Although Willow and Tara may not have been the first lesbian couple on TV or the first lesbian couple who kissed, I think they were the first lesbian couple that had a real, believable relationship. I watch ER, and that couple doesn't compare to Tara and Willow. It seems that most television shows that have had lesbian couples have added them for ratings and really don't show them as a real loving couple like Joss Whedon did with Tara and Willow. The couple on Friends (Ross' ex and her "wife") also just seemed to be a couple put together to show how much Ross' life sucked and they never really delved into any of their personal relationship. The kiss between a gay character and a straight character has also been done many times as mentioned, but again it seemed more of trying to grab ratings. Even on Ellen, they played everything up for laughs.

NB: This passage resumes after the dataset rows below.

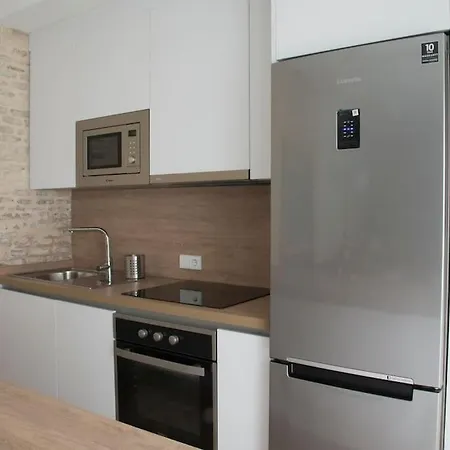 Apartment En Triana, Tranquilo, Independiente Seville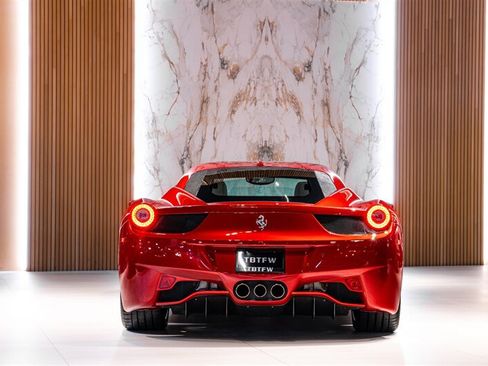 Used 2010 Ferrari 458 Italia Coupe RWD image 4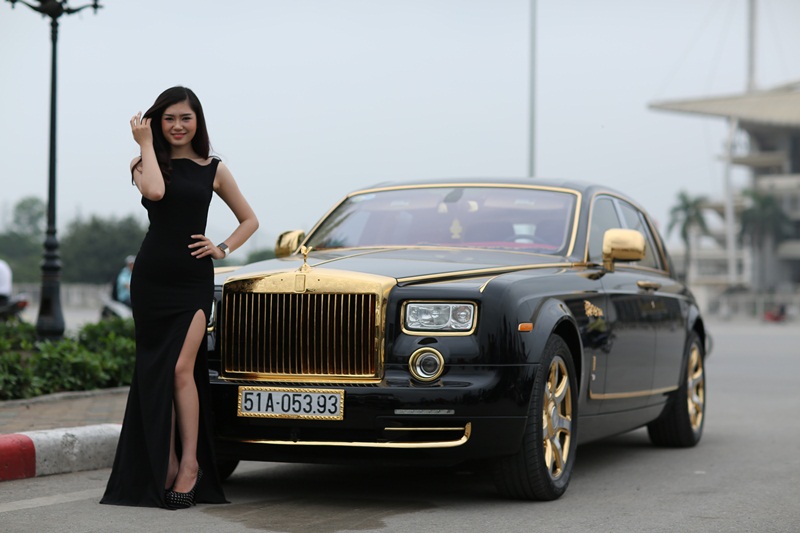 Người mẫu Lã Kiều Anh duyên dáng bên siêu xe Rolls-Royce Phantom mạ vàng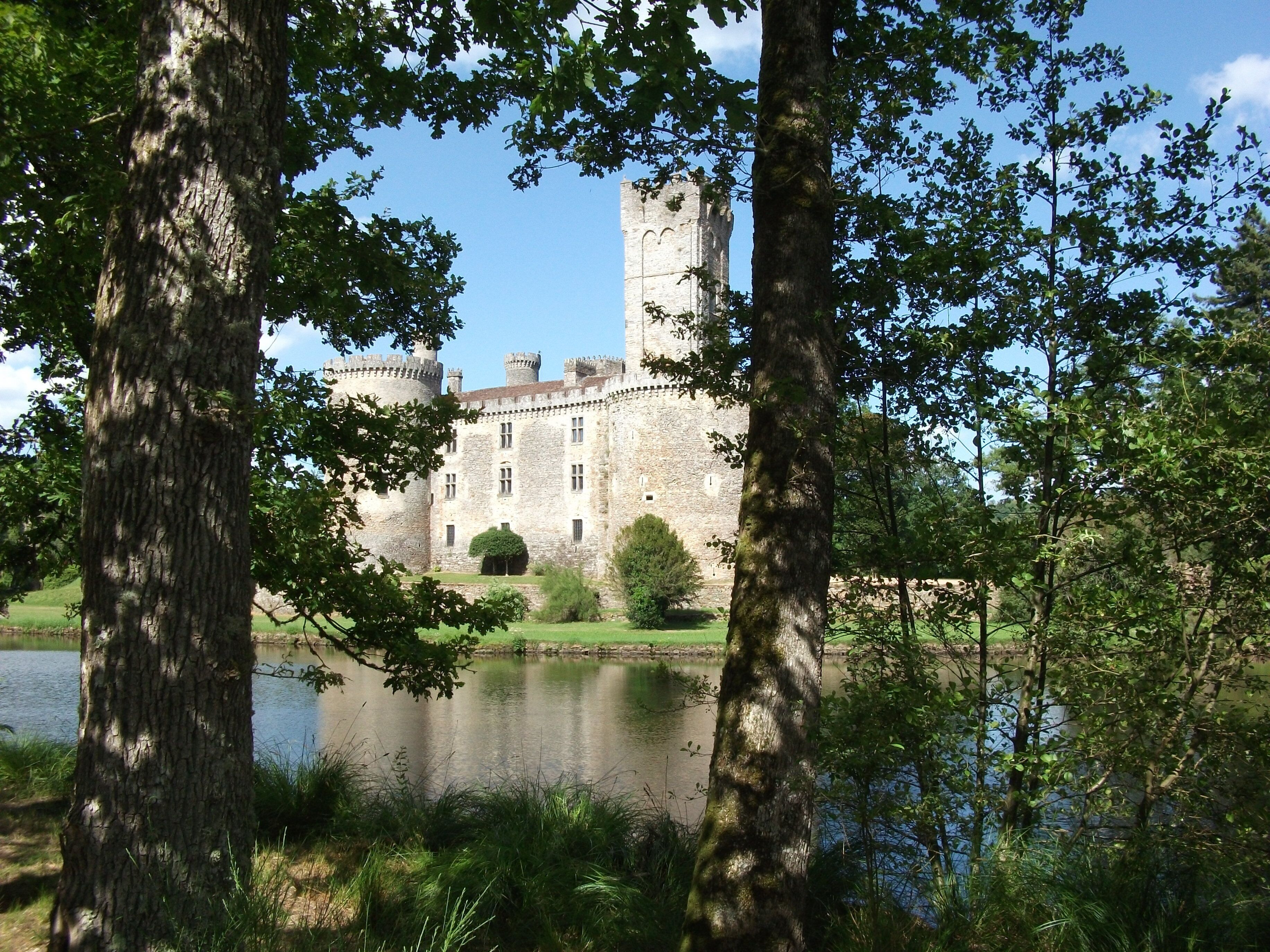 This building is indexed in the Base Mérimée, a database of architectural heritage maintained by the French Ministry of Culture, under the reference PA00100299 .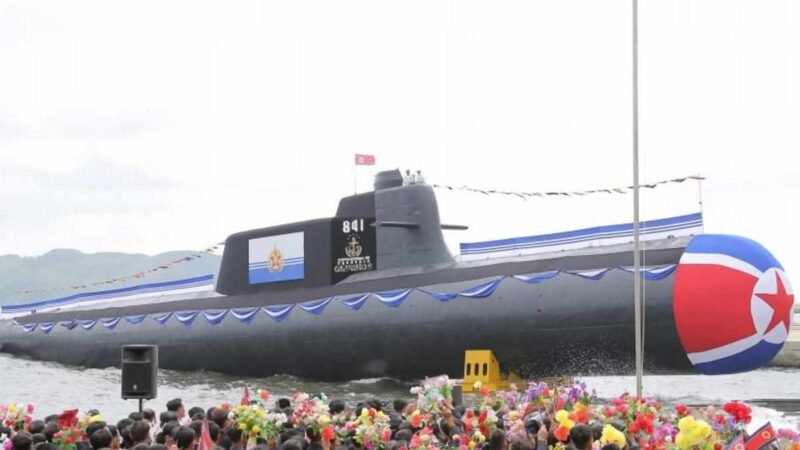 COREA DEL NORTE ESTRENA “SUBMARINO PARA ATAQUES NUCLEARES TÁCTICOS”
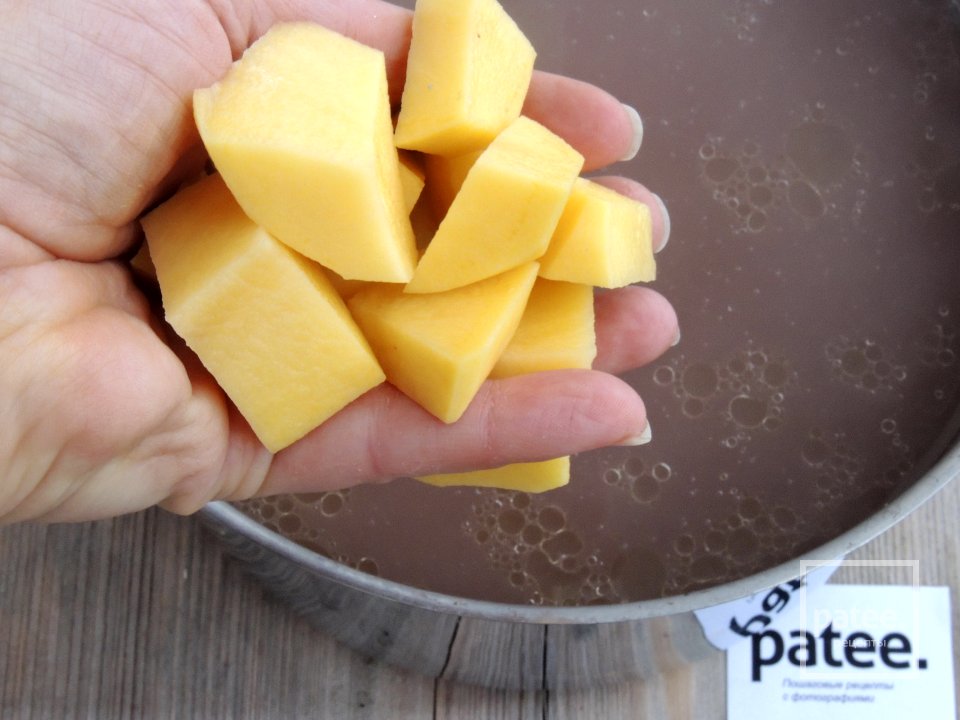 Красный борщ с фасолью и савойской капустой - Шаг 8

I think that is why the relationship on Buffy got so much attention. They were portrayed as two people in love who happened to be gay and not just two stereotypical gay characters to grab attention. Joss never played it that way, he gave us a beautiful relationship that broke the hearts of millions when Tara was killed.
Forcorreo - thanks for those links, I found them very interesting and fun to read. I remembered quite a few of the earlier television ones like the LA Law ones, Ellen and Roseanne.
meh, I hope those people are being sarcastic or tongue in cheek, otherwise they suck. We love Buffy not because of her grades or prettiness or butt-kicking moves (well we do love those but it's not the whole reason) we love her because she's like us, she has problems which she overcomes and she has heart and she laughs and cries and oh, well I can't explain well enough, I'm sure one of you clever writers could have said it better but you know what I mean, I hope.
I think that a number of you are missing the point here. These letters are all obviously ironic.
Thanks for clearing that up, davorg. I wasn't perfectly sure, but those letters seemed kinda tongue-in-cheekish to me, and irritatingly well-informed, too, and what with those British beeing big with the irony and all...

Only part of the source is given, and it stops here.